Go to community college for core classes
If you don’t receive the necessary aid from the school of your choice, you may want to consider spending your first few years at a community college.

“Many employers and grad schools care more about where you finish than where you start,” Neiser says. You may be able to lower the total cost of your tuition by taking some basic English, Math or History classes over the summer at a local community college as well.

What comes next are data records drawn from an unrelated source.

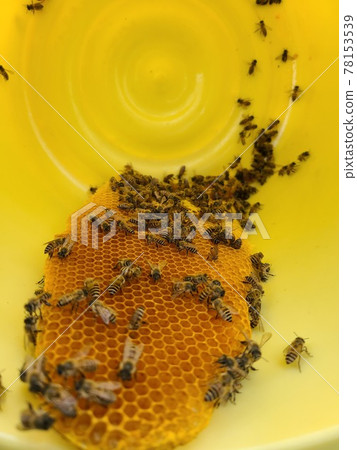 Nest honey honey bee honey collection Nest honey honey bee honey collection 78153539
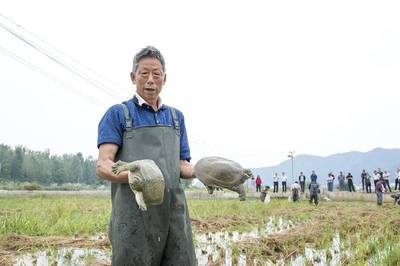 產業紀實 | 發展產業拔窮根 脫貧致富奔小康--我市開展產業扶貧推進精準脫貧紀事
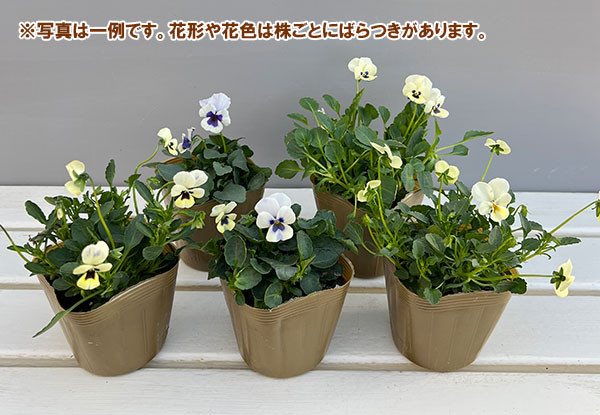 見元園芸さんのビオラ：トルニー（ホワイト系）3.5号ポット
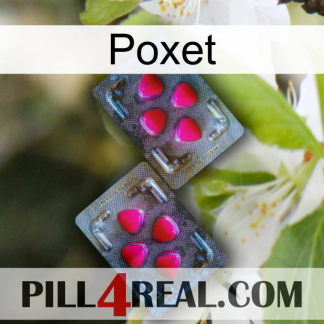 Poxet 15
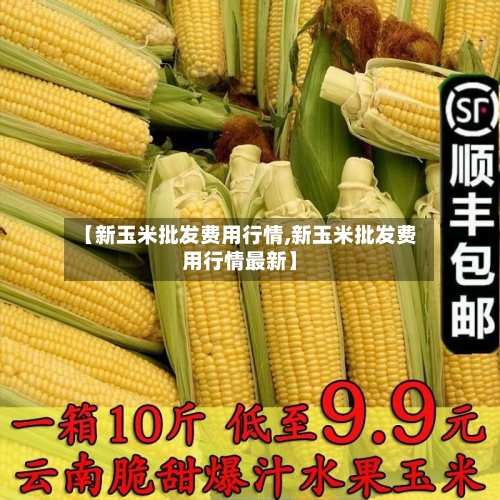【新玉米批发费用行情,新玉米批发费用行情最新】-第2张图片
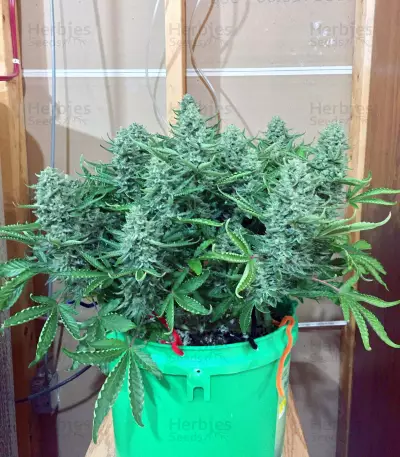 Northern Cheese Haze Auto (Mephisto Genetics) Cannabis-Samen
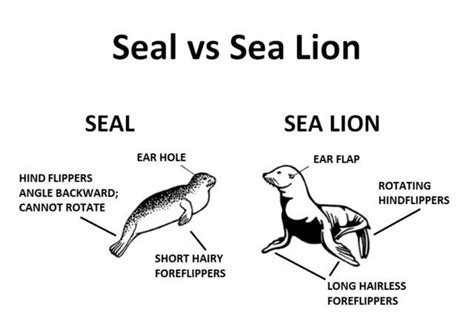 What’s the difference between seals and sea lions? - Free The Ocean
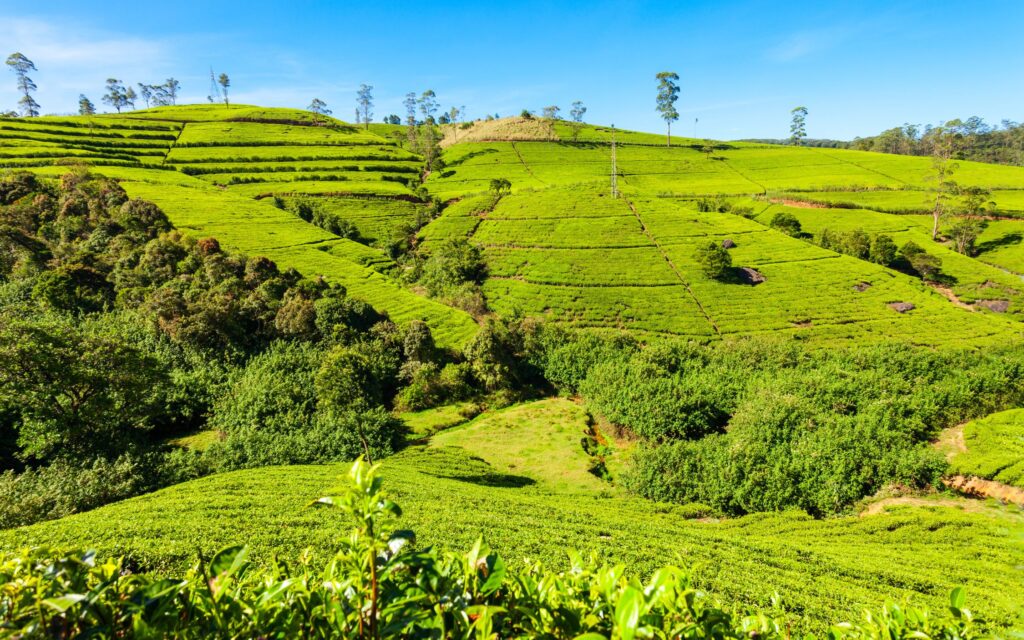 Mida teha Sri Lankal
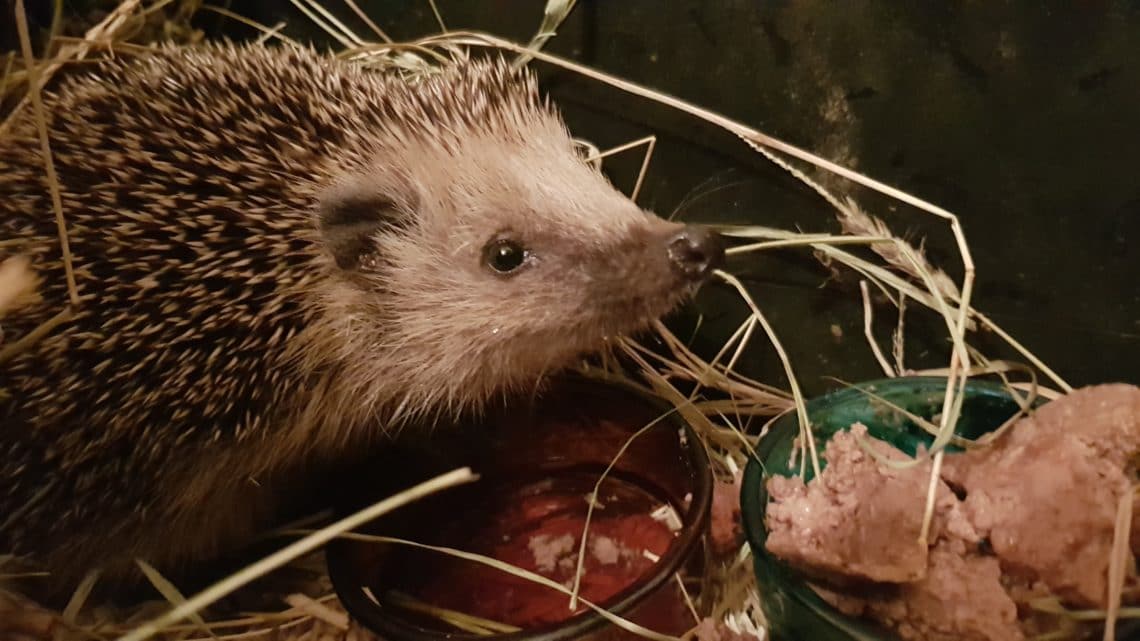 Igel, Nützling, Tier, Winterschlaf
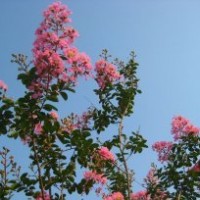 湖南紫薇價(jià)格，紅花紫薇，百日紅，紫薇小苗，嫁接紫薇樹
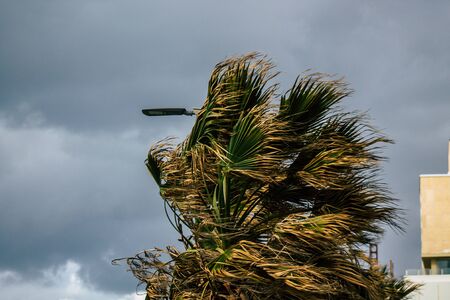 Tel Aviv Israel February 08, 2020 View of palm tree in Tel Aviv beach during a winter storm in the...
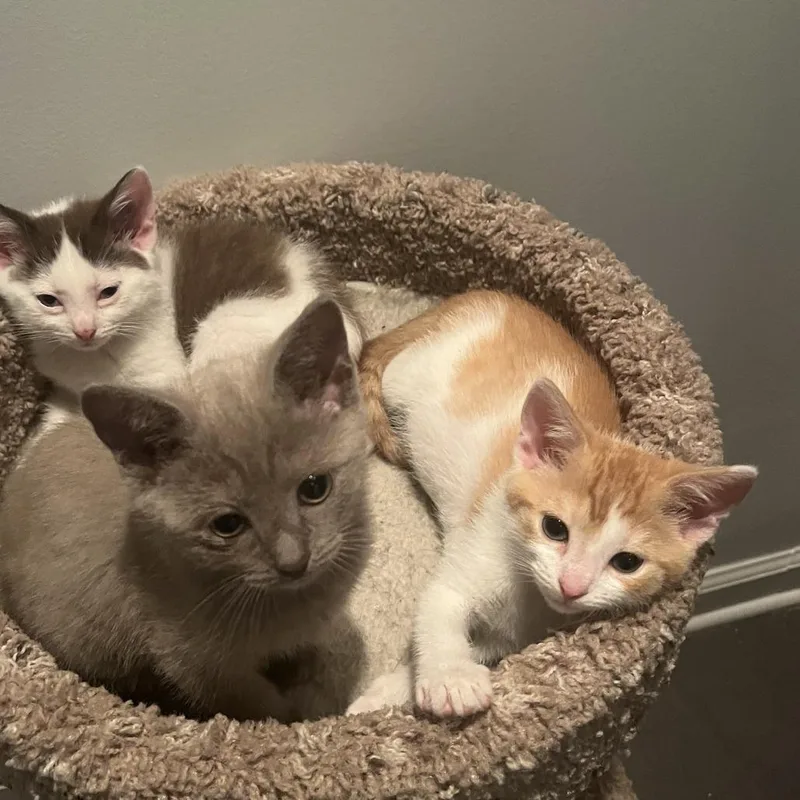 A baby small-sized male Orange / Red Domestic Short Hair cat named Joby for adoption in Fairfax Station, VA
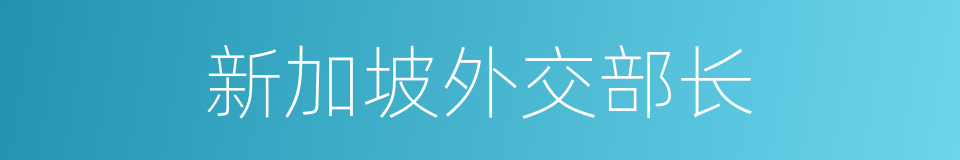 新加坡外交部长的同义词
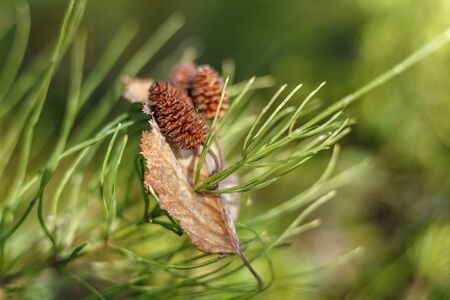 Autumn leaf pierced with pine needles with conesの写真素材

“Bank some credits at a lower per average cost on your core classes,” he adds.

Take a gap year

Another potential way to minimize debt is to take a year off in between high school and college. Those truly low on funding can spend this year working in an attempt to save up enough money to attend their college of choice.

Neiser says those who really use their gap year to focus on finances may find “you haven’t spent as much money and you brought some into your life to mitigate the loans you take out later on.”

You can find more information about whether a gap year is right for you in this MainStreet analysis.

Work part-time

Working 15 to 20 hours a week while in school is another great way to subsidize pricey tuition. Again, de Baca advises students concerned with working part-time while being a full-time student to consider the tradeoff.

“Earning money during school can take a bite out of what you have to borrow,” she says, “even if it means going to school one semester longer.”
In addition to school work study programs, you can find some of the better side jobs to consider in this MainStreet round up.

Only spend loans on education-related expenses

The quickest way to get into financial trouble is to put your loan money towards every line item in your budget.

“It really is a loan, but most people look at it as a windfall,” Grosz says. Instead of succumbing to temptation, try to only put borrowed funds towards tuition, fees and education-related expenditures like books. To ensure you don’t stray, make some small changes to your general budget.

“Instead of trying to lower the dollar amount, you have to reduce the frequency,” Grosz says. For instance, you might want to only get two lattes from the campus coffee joint once a week rather than every morning.

Get smart about other costs beyond tuition

There are also ways to minimize the amount of loan money you have to put towards secondary educational expenses. For instance, buy or rent used textbooks via websites like or in lieu of buying new ones at the campus bookstore. You might also want to consider living home instead of dorming on campus. In these instances, it helps to research public transportation options to keep the costs of commuting down.

“There’s always another way of looking at things,” Neiser says. “Slow down the process and analyze costs so you don’t get caught.”